Aquele som acabava tirando minha atenção do livro tão compensador que eu lia. Gritos, reclamações, tapas no vidro, mais gritos e o ônibus retomava seu caminho depois que a usuária escandalosa descia. Mesmo com os fones de ouvido eu ainda consegui ouvir toda a confusão. Depois de ser tirada de dentro da minha pequena bolha, me atrevo a olhar em volta e ver as pessoas que subiram e acomodaram-se enquanto eu estava absorta nas páginas. Sempre tive essa mania, olhar para as pessoas, suas expressões e tentar adivinhar o que acontecia com elas, seus problemas e aflições ou o motivo de seus sorrisos, para onde estavam indo ou de onde vieram.

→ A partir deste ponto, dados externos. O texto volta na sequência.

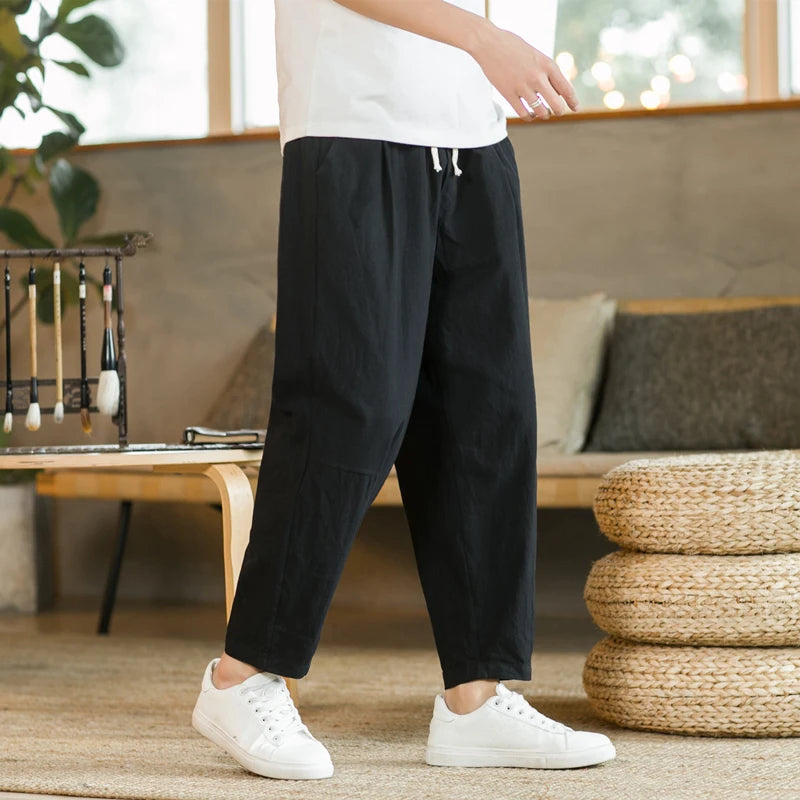 Men'S Trousers Cotton Linen Fashion Casual Pants Solid Color Breathable Loose Shorts Straight Drawstring Pants Streetwear Men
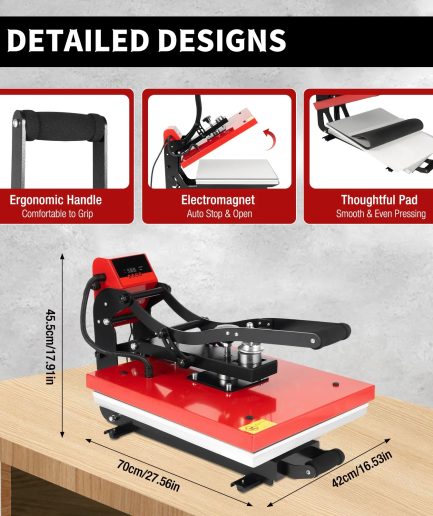 16"x20" Slide Out Auto Open Heat Press Machine Clamshell Slide Out Base T-Shirt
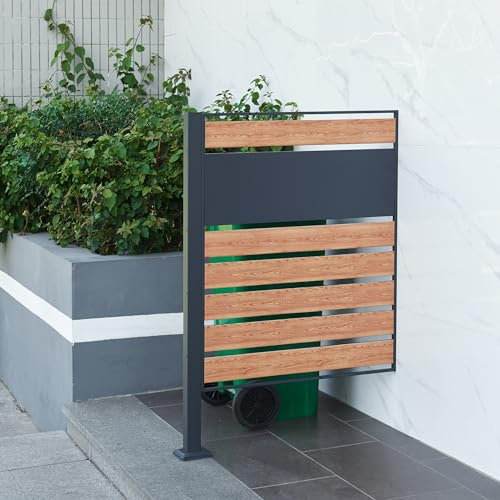 [en.casa] Recinzione Frangivista per Bidoni di Rifiuti Schermatura in Acciaio per Contenitori di Spazzatura Recinzione Espandibile 1 Pannello a Doghe 120 x 83 cm Antracite/Effetto Legno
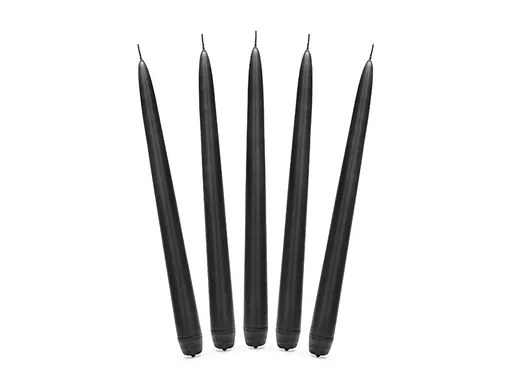 PartyDeco Kónická svíčka černá - matná 24 cm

Olhava para todos ali dentro de forma rápida, sem me prender a alguém. Mesmo de óculos escuros a posição da cabeça poderia me denunciar e encarar uma pessoa nunca foi um gesto bem visto, mas ao vê-lo, não conseguir impedir meu mundo de parar. Lá estava os olhos dele presos a um livro, os fones de ouvido, o pé balançando no ritmo da música. Talvez o tenha olhado com tanto afinco que por um instante ele ergue a cabeça e posso ver seus olhos e antes que você pense que eram belos olhos azuis ou verdes, está redondamente enganado. Eram belos e profundos olhos pretos. Nem castanhos, nem qualquer outra cor. Pretos. Como seu cabelo, como a camisa social que usava, como a calça, como os sapatos e as pequenas pulseiras de borracha em seu pulso esquerdo.

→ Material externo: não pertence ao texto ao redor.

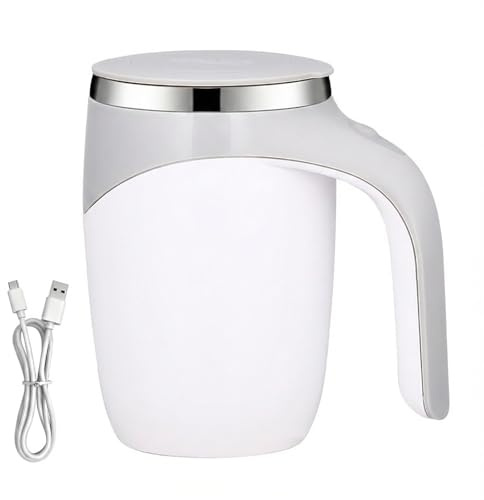 Self Stirring Coffee Mug, Automatic Stirring Coffee Mug, Stainless Steel Rechargeable Electric Mixing Cup for Office Desk, Home Kitchen & Travel, Food-Grade ABS + 304 Stainless Steel,White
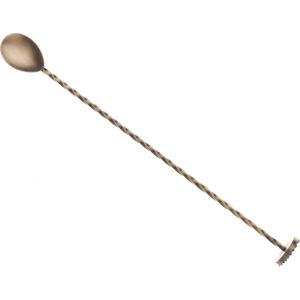Barfly Teardrop Bar Spoon, End 11 13/16″ (30 cm), Stainless Steel(Antique Gold)
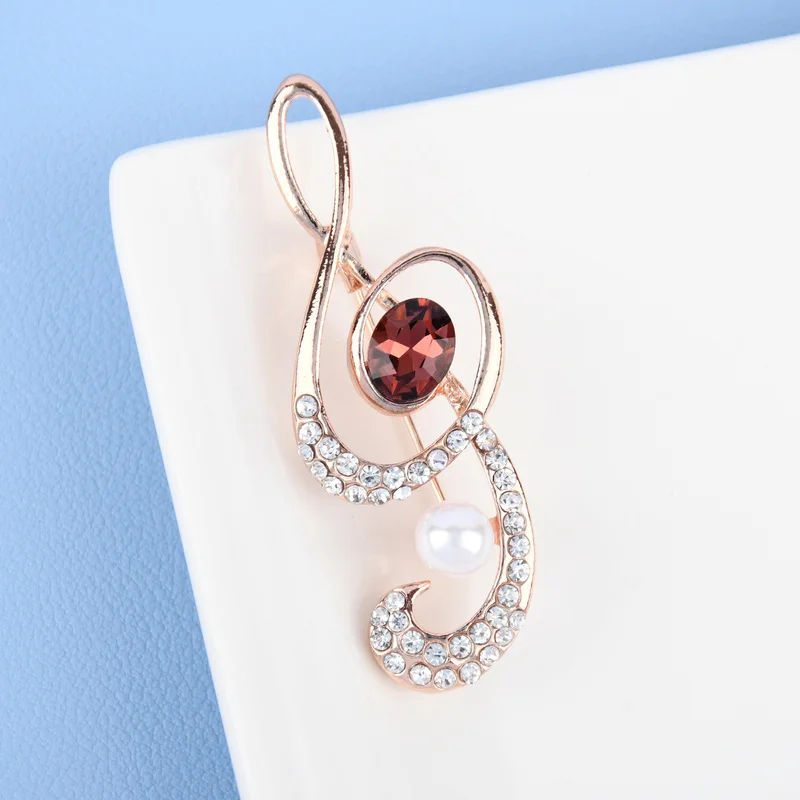 Женская брошь со стразами и музыкальной нотой искусственный жемчуг с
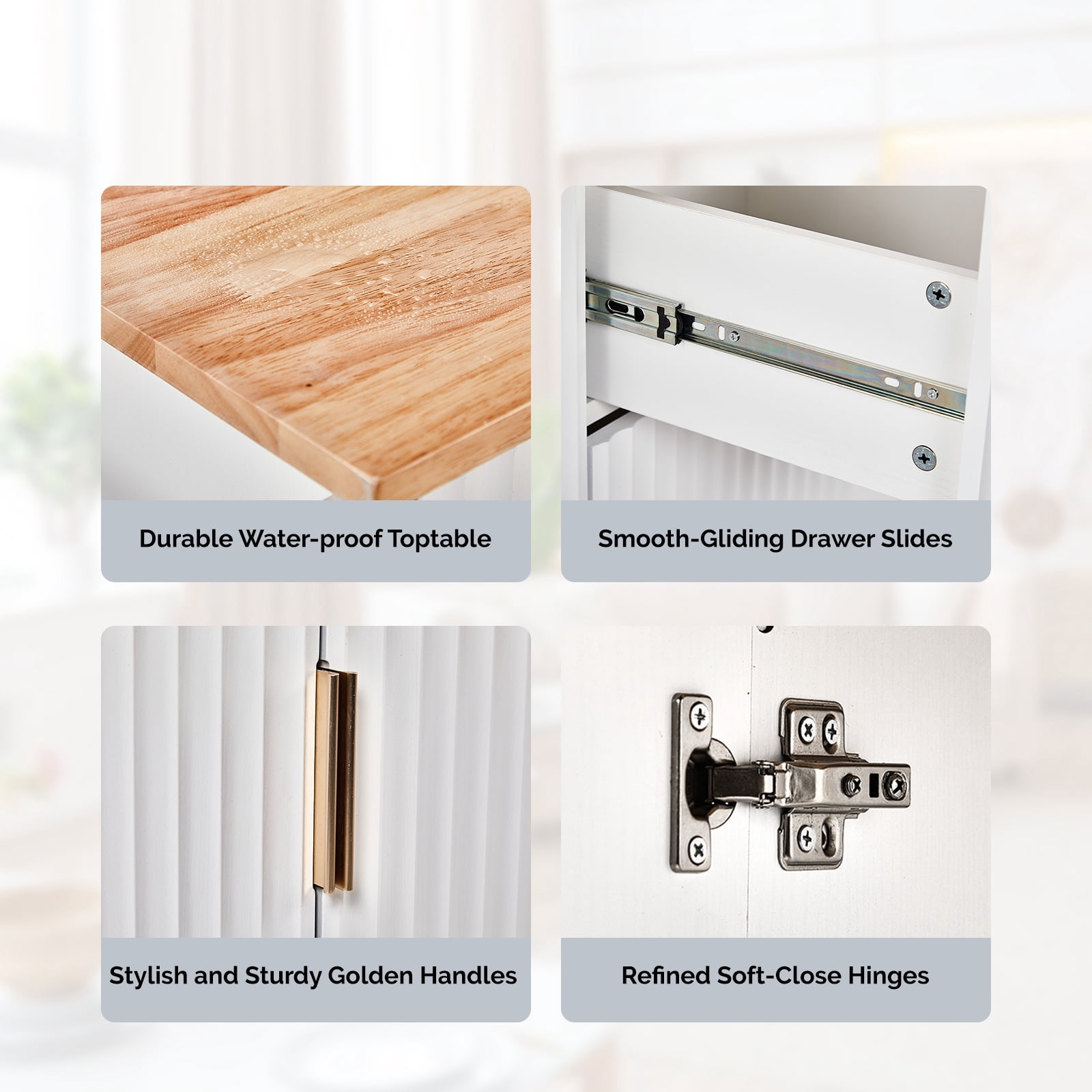 2-Door 1-Drawer Grille Food Cart Gold-Plated Aluminum Alloy Door Handles Vacuum-Formed Door Panels Rubberwood Countertop MDF Sideboard, 31.5*26.69*35.04in Oak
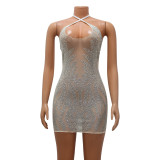Women's Sexy Mesh Beaded See-Through Nightclub Dress
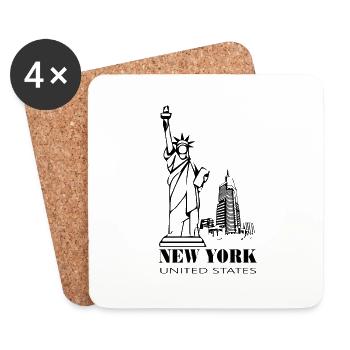 New York - Untersetzer (4er-Set) - Weiß - Vorne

Absorvi cada detalhe até notar que ele ainda me olhava e depois para minhas mãos onde ainda segurava o livro. Por mais que tentasse segurar, acabei sorrindo. O mesmo livro. Quais as chances disso acontecer? Virava a cabeça em outra direção, mas meus olhos ainda estavam lá, fixos nele e pude notar ele me olhando por mais alguns segundos antes de voltar a leitura. Eu também voltava ao livro, sem absorver mais as palavras. Seu olhar não me saía da cabeça, o tom de seus lábios, da sua pele. Queria tocá-lo, sentir o calor que emanava e quem sabe sentar em uma praça e discutir o livro? Qual será seu personagem favorito?

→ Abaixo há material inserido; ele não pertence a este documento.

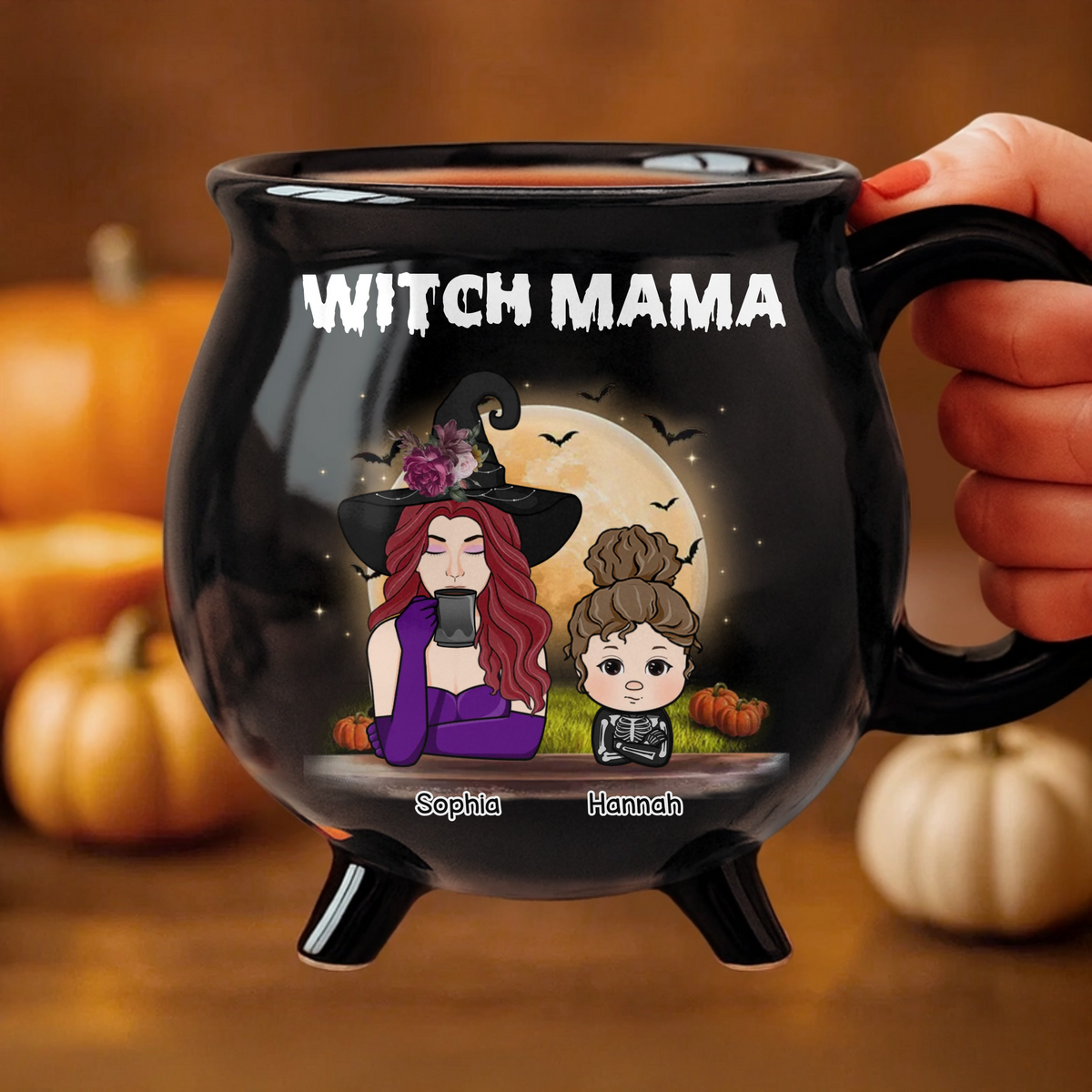 Grandma Mom Witch With Kids - Personalized Halloween Black Ceramic Witch Mug - Halloween Gift For Mom, Grandma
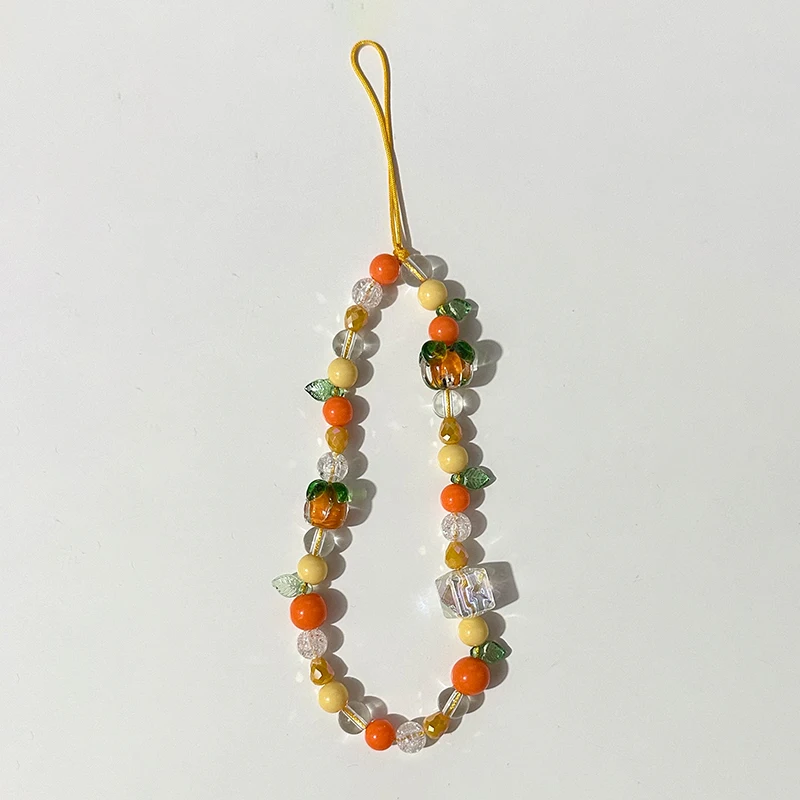 Korean Cute 3D Orange Persimmon Beaded Phone Chain Charm Lanyard For iPhone Samsung Universal Accessories Girl Jewelry Pendant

O som da campainha do ônibus me tirava do devaneio, olhei para o lado e seu lugar vago apertou meu coração. Rapidamente viro-me para olhar pela janela e lá estava ele com o livro embaixo do braço, um breve aceno afirmativo com a cabeça era feito, eu apenas sorria e ajustava o óculos enquanto o ônibus seguia seu caminho. Quem sabe um dia não nos encontramos novamente.
Atenção: Encontros é uma nova modalidade de crônicas que descrevem aqueles breves encontros do nosso dia-a-dia e que podem mudar toda a sua vida ou apenas tornar-se uma boa lembrança.